Radio wristbands keep track of children

University of Derby develops tracker wristbands to help reduce the risk of losing individuals when in large groups

Keeping track of large groups of children or vulnerable adults could be made a lot easier for those in charge of them, thanks to technology researchers at the University of Derby.

They’ve developed simple ‘tracker wristbands’, to be worn by members of a group, which all relay a signal to one portable device held by the person responsible for the whole party. An adjustable range can be set up (of between five to 15 metres from the ‘controller’s’ position), which then triggers an alarm on the handheld device if someone goes ‘missing’ and gives their full details.

The wristbands – which can be customised with bright colours and animal characters for young children, for example – are battery-driven and send an RFID (radio frequency identification) signal to the group head’s device.

The idea, originated with the University’s Centre for Supply Chain Improvement, has already received positive comments on the new system’s potential applications and will shortly be surveying schools for their views. 

Professor Ming Lim, Head of the University Centre, said: “I got the idea when I saw a teacher at a motorway service station trying to control a group of schoolchildren and having to ask other pupils whether their classmates were in the toilet, or wherever.

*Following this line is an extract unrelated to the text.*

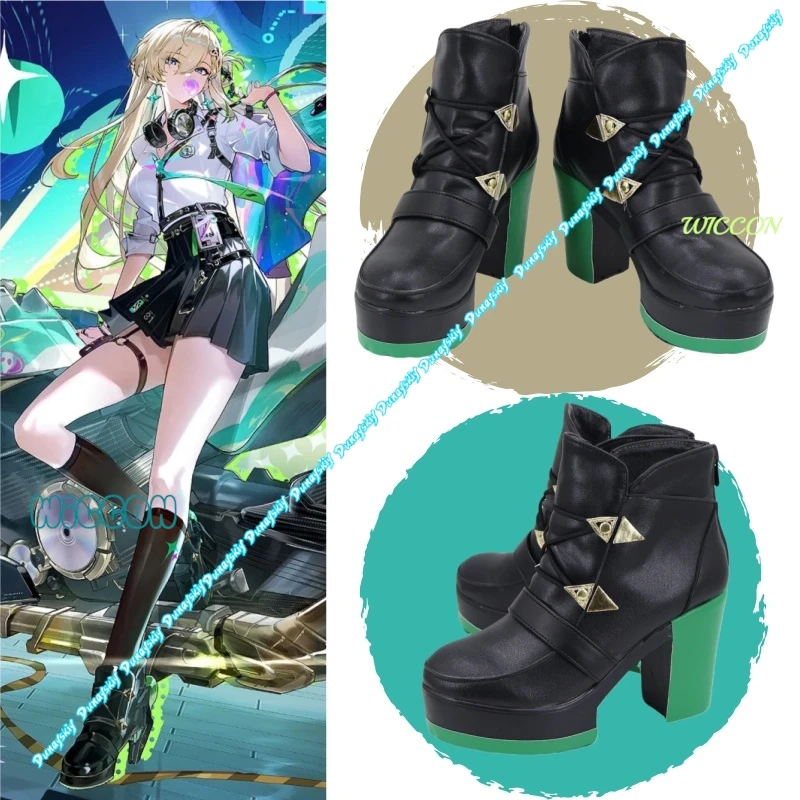 

Lynae Cosplay Block Heel Ankle Boots Shoes for Wuthering Waves Men Women Halloween Role Play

“Our system’s very flexible. The group head’s control device can be set up for different ranges, depending on the environment and who the group members are. It can then keep track of individuals in large groups, running into dozens of people.

“What we have at the moment is a working prototype, which we’d look to adapt and make smaller for commercial sale. We can already see how it might be improved to work from a mobile phone plug-in device, or to have communicators built into each wristband.”

The technology has been developed by University researchers, Dr.’s Farhan Khan and Michael Winsper.Aside from school trips, the wristbands might also be used for groups of elderly or vulnerable people, or tourist parties.